Posted By: Connie Swearingen (email)
Date: 10/18/2010 at 21:53:46

History of Woodbury County, Iowa 1984

Charles Alfred Swanson
By Arlene Swanson Quinn

Charles Alfred Swanson was born December 12, 1867, in Karinthorpe, Sweden. He came to America in the early 1880s with his oldest brother, Gustavius Adolphus Swanson, Charles worked on several farms before renting land and putting in his own crop. His brother, Gus, worked in a pottery shop set up by William Wortman in Sergeant Bluff, Iowa. In 1890, the two men sent for their brother, John, who came to the Bluffs, but later went out west and finally settled in Cedro Wooley, Washington. Neither Gus nor John ever married. Gus moved to Colorado where he became interested in mining. Then he moved on to New Mexico to set up the machinery for a mine in Elizabethtown. He died in 1914 of tuberculosis and was buried in Pinos Altos, New Mexico. Little is known about John except that he worked in lumber camps in Washington state.

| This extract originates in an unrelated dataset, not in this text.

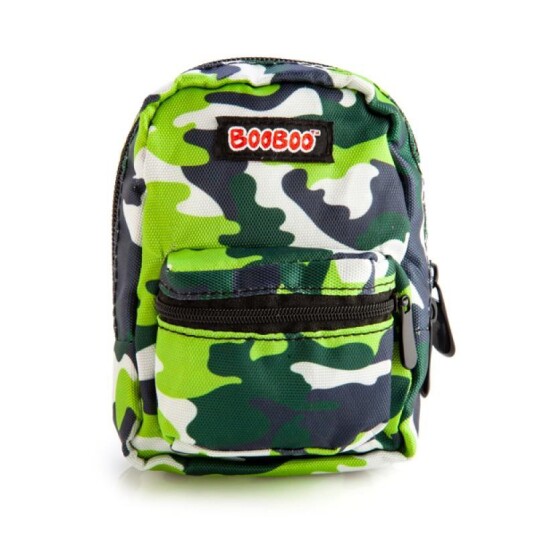 BooBoo Mini Ryggsekk Grønn Camo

Charles married Mary Ann Jensen in 1886. She had been born in Aalborg, Denmark. Marie, as she was called, worked as housekeeping for several families in Yankton, South Dakota, before coming to Sergeant Bluff. Here we she worked in the home of Jerome Holman. Two children were born to Charles and Marie Swanson; Mabel Ada and Fred Albert.

Charles became a citizen of the United States of America in 1888. He was a devout Christian and a member of the Methodist Church in the Bluffs, there being no Lutheran Church there at the time. He insisted that his family attend services regularly and keep the Christian Law. Charles bought a farm in Weedland and moved his family southwest of town. Charles died on New Years Day, 1897.

Mabel Ada Swanson, daughter of Charles and Marie Swanson, graduated from the Sergeant Bluff high school in 1905. She attended Morningside College. She taught school in South Dakota and then married John Heffron, a rising young attorney. They had three children: Mary, Eleanor, and Thomas Eleanor died in infancy. John and Mabel lived for many years in Deadwood, South Dakota, where he took an active part in the colorful pageant they held each summer called Wild Bill Hickok Days. John played the ‘hanging judge’ and was called ‘Judge’ as an affectionate name by the townspeople. John died in 1948 and Mabel in 1976. Both are buried in Deadwood, South Dakota.

Mary Heffron married Russ Rineveld in 1931. Their only child, Mary Patricia, died in infancy. Mary worked for the United States Bureau of Indian Affairs for many years before her death in 1974.

Thomas Heffron was in the army during World War II. In 1948 he married Maxine Danbury, a nurse. They have two children: Michael and Janice. They live in Orangeval, California. Tom retired in 1979. He had worked for the United States Government.